* _Given information_:
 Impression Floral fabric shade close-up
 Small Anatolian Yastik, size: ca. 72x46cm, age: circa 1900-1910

--

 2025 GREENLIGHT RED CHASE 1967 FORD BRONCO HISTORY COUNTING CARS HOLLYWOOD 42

...

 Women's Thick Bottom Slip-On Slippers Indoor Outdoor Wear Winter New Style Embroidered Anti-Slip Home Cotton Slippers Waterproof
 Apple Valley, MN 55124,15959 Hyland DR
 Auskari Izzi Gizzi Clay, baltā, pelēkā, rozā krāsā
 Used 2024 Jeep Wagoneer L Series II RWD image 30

* _Directions for this task_:
Take the lines above from the one containing "Auskari Izzi Gizzi" to the one containing "Used 2024 Jeep" and retype them exactly, both ends included, with nothing added.

* _Result_:
 Auskari Izzi Gizzi Clay, baltā, pelēkā, rozā krāsā
 Used 2024 Jeep Wagoneer L Series II RWD image 30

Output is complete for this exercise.